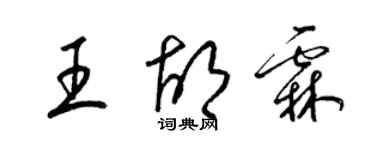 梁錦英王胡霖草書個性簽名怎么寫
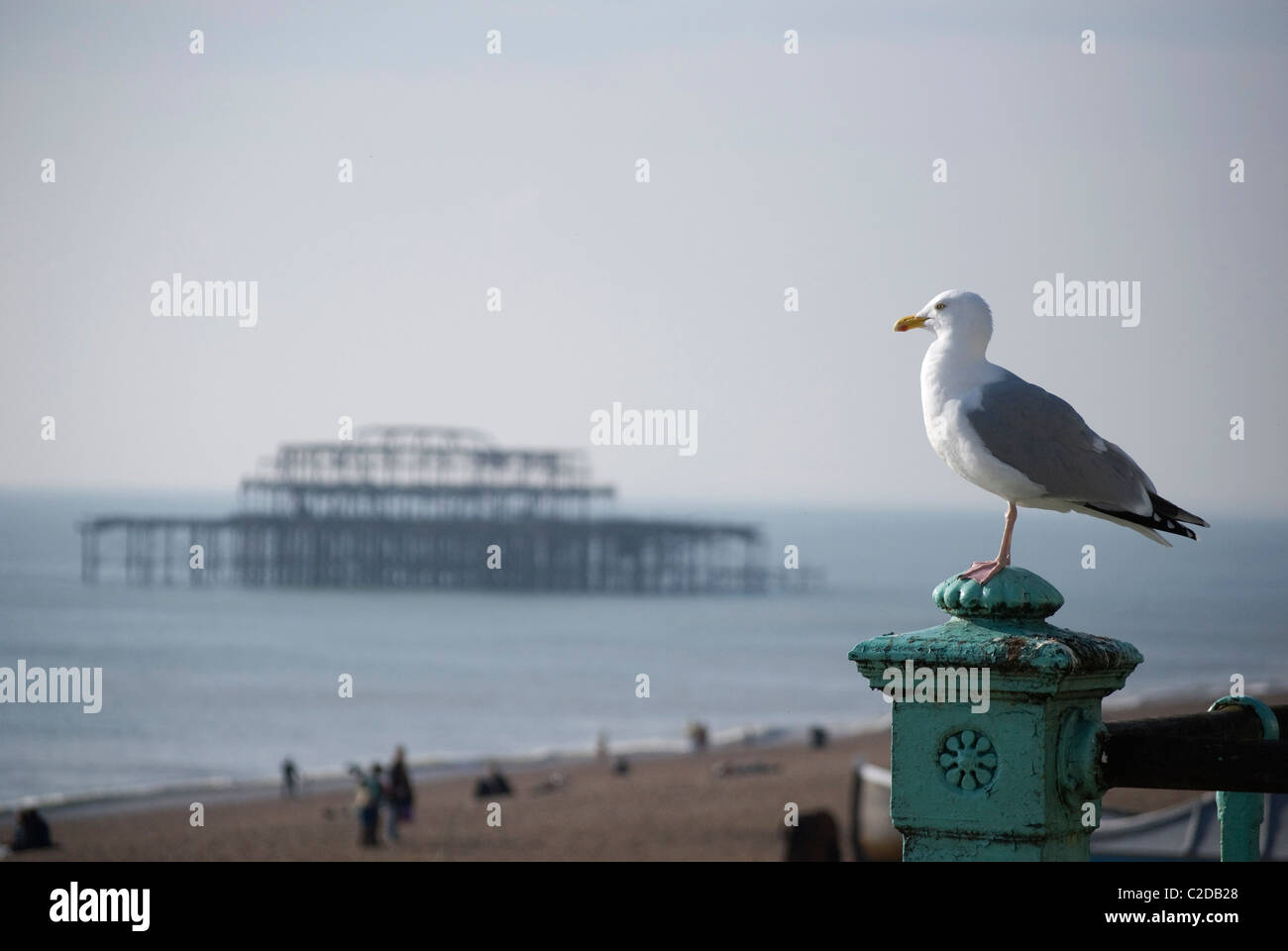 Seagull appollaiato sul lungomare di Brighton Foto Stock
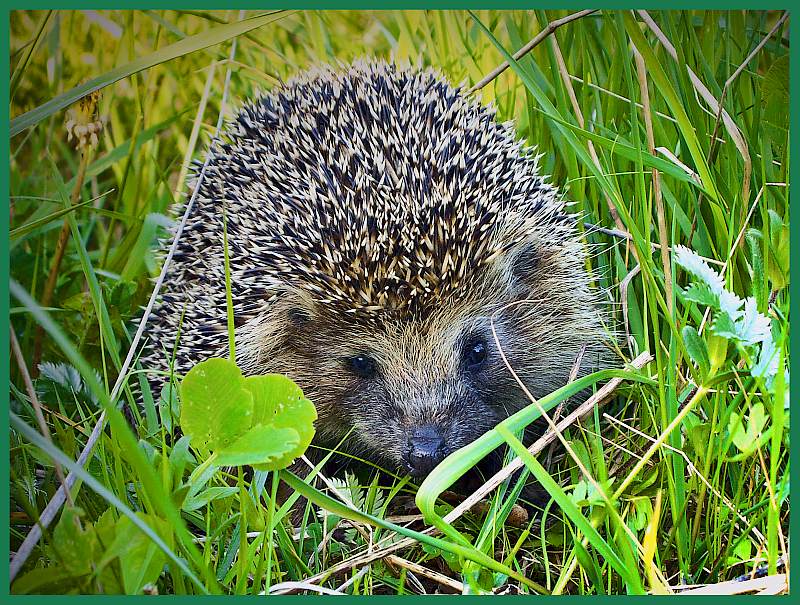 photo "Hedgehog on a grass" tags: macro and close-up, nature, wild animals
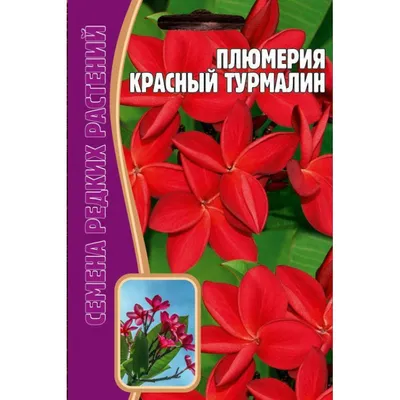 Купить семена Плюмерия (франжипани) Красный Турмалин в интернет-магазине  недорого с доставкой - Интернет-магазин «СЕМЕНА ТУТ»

**Problem description:** An acceptable answer consists of the lines above from the one holding "nature, wild animals" to the end of the data, repeated exactly and containing no pictures.

**Answer for this exercise:**
 photo "Hedgehog on a grass" tags: macro and close-up, nature, wild animals
 Купить семена Плюмерия (франжипани) Красный Турмалин в интернет-магазине  недорого с доставкой - Интернет-магазин «СЕМЕНА ТУТ»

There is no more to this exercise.